[Records from a data source]
::::::::
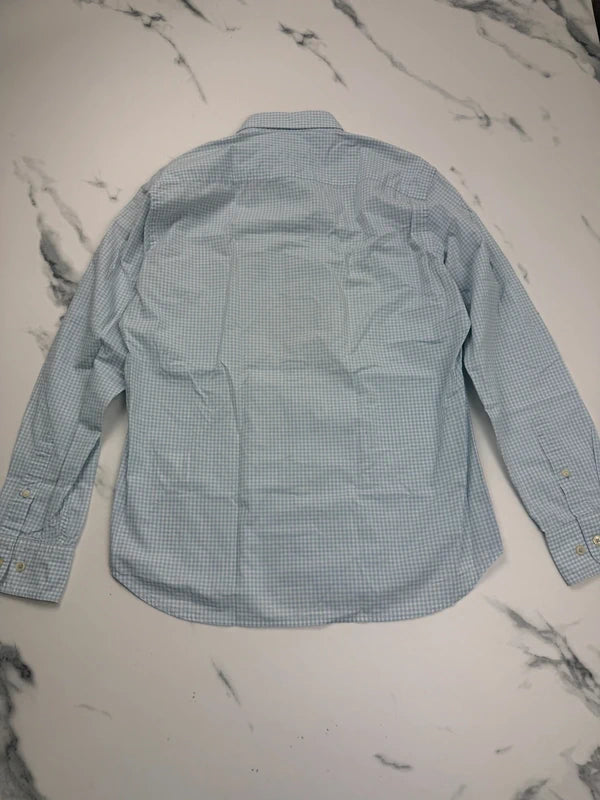 Marc O’Polo Herren Hemd Hellblau Weiß Kariert Gr. S Regular Fit 100% Baumwolle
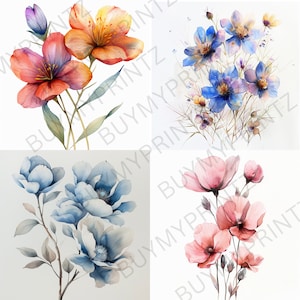 20 clipart de flores diversas, impressão de flores, clipart em aquarela para impressão, PNGs de alta qualidade, download digital, artesanato em papel, diários indesejados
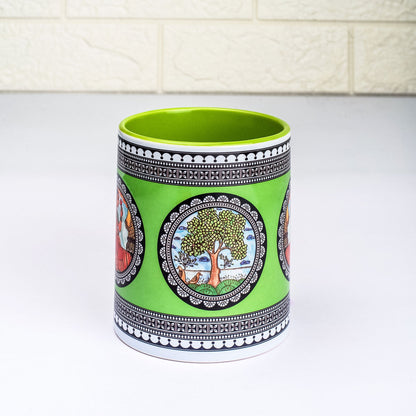 Paripatra Pattachitra Mug with Coaster - Green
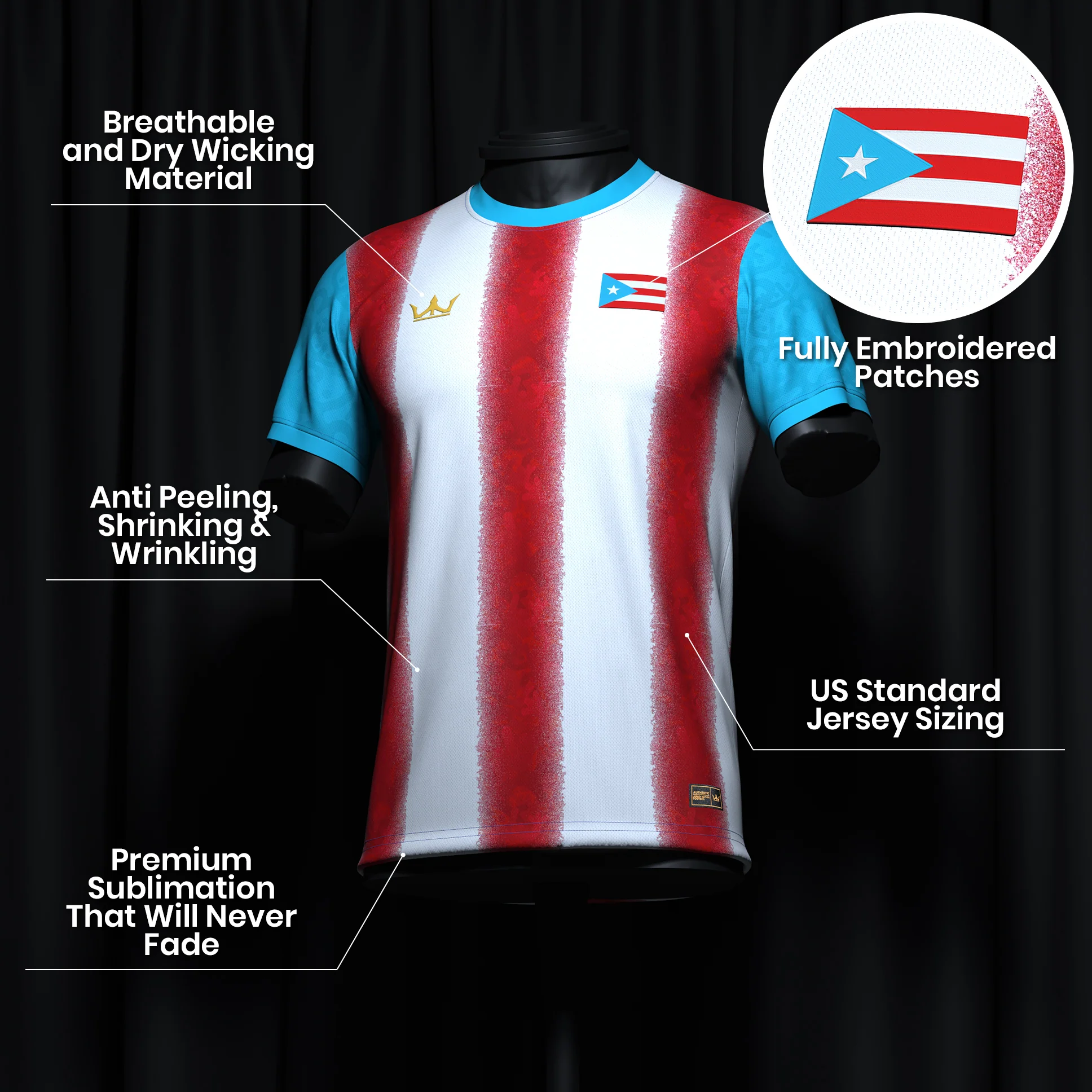 Puerto Rico Heritage Custom Football Jersey - Image 20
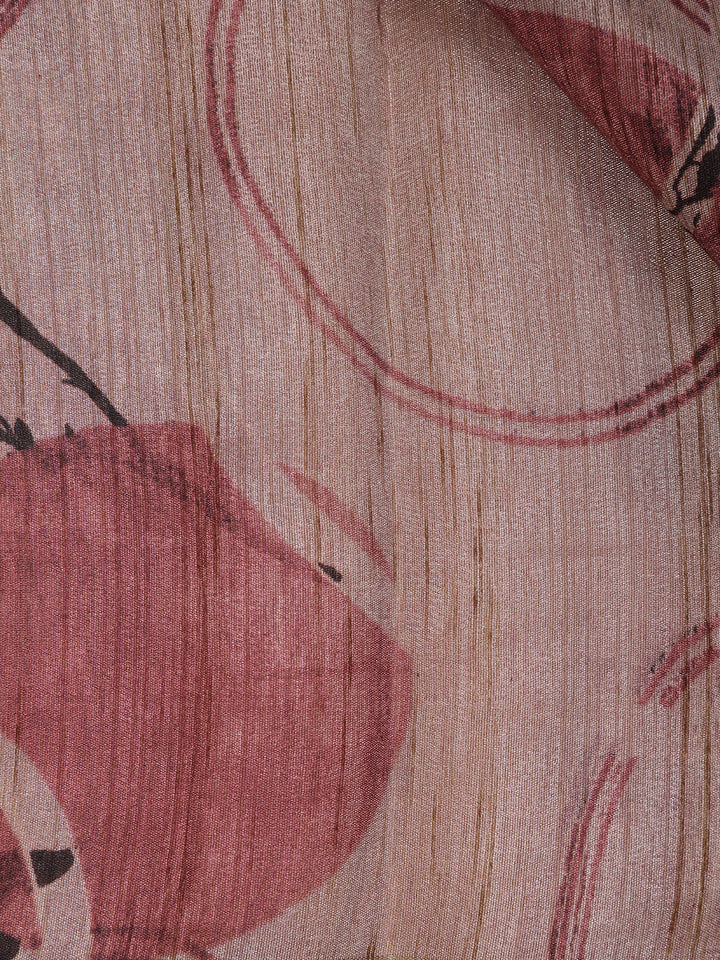 Mauve Floral Designed Semi Tussar Saree - Diadem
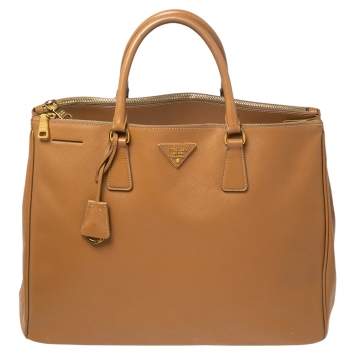 Pre Owned Prada Tan Saffiano Lux Leather Executive Galleria Double Zip Tote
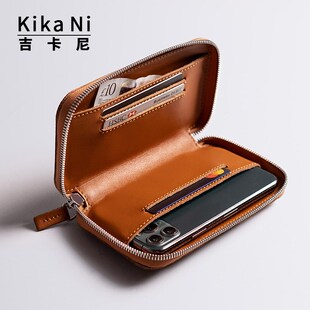 吉卡尼植鞣皮拉链手拿钱包真皮手机包牛皮小包卡包手包男手抓包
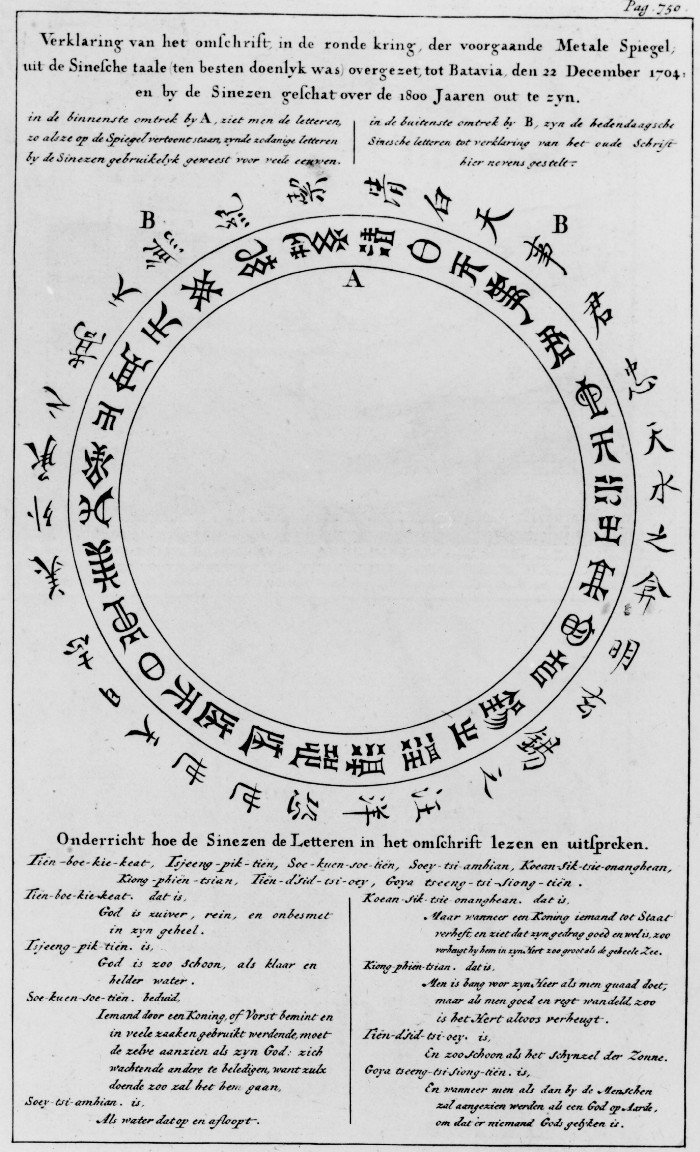 Top text: Explanation of the text in the Chinese language in the circle on the previous metal mirror as good as possible translated in Batavia on 22 December 1704 and of which the age was estimated by the Chinese to be more than 1800 years. In the inner circle near A one sees the letters which are engraved in the mirror and which were used by the Chinese many ages ago. In the outer circle one sees the modern Chinese characters which correspond with the ancient text and explain it. Bottom text: Instruction how the Chinese read and pronounce the text in the circle.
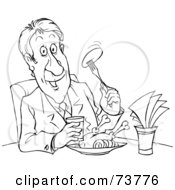 Royalty Free RF Clipart Illustration Of A Black And White Outline Of A Man Dining by Alex Bannykh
::::::::
#### What to produce
Word for word, repeat the lines above from the one with "吉卡尼植鞣皮拉链手拿钱包真皮手机包牛皮小包卡包手包男手抓包" through the one with "Top text: Explanation", and nothing beyond them. Omit the pictures.

#### Your response
 吉卡尼植鞣皮拉链手拿钱包真皮手机包牛皮小包卡包手包男手抓包
 Top text: Explanation of the text in the Chinese language in the circle on the previous metal mirror as good as possible translated in Batavia on 22 December 1704 and of which the age was estimated by the Chinese to be more than 1800 years. In the inner circle near A one sees the letters which are engraved in the mirror and which were used by the Chinese many ages ago. In the outer circle one sees the modern Chinese characters which correspond with the ancient text and explain it. Bottom text: Instruction how the Chinese read and pronounce the text in the circle.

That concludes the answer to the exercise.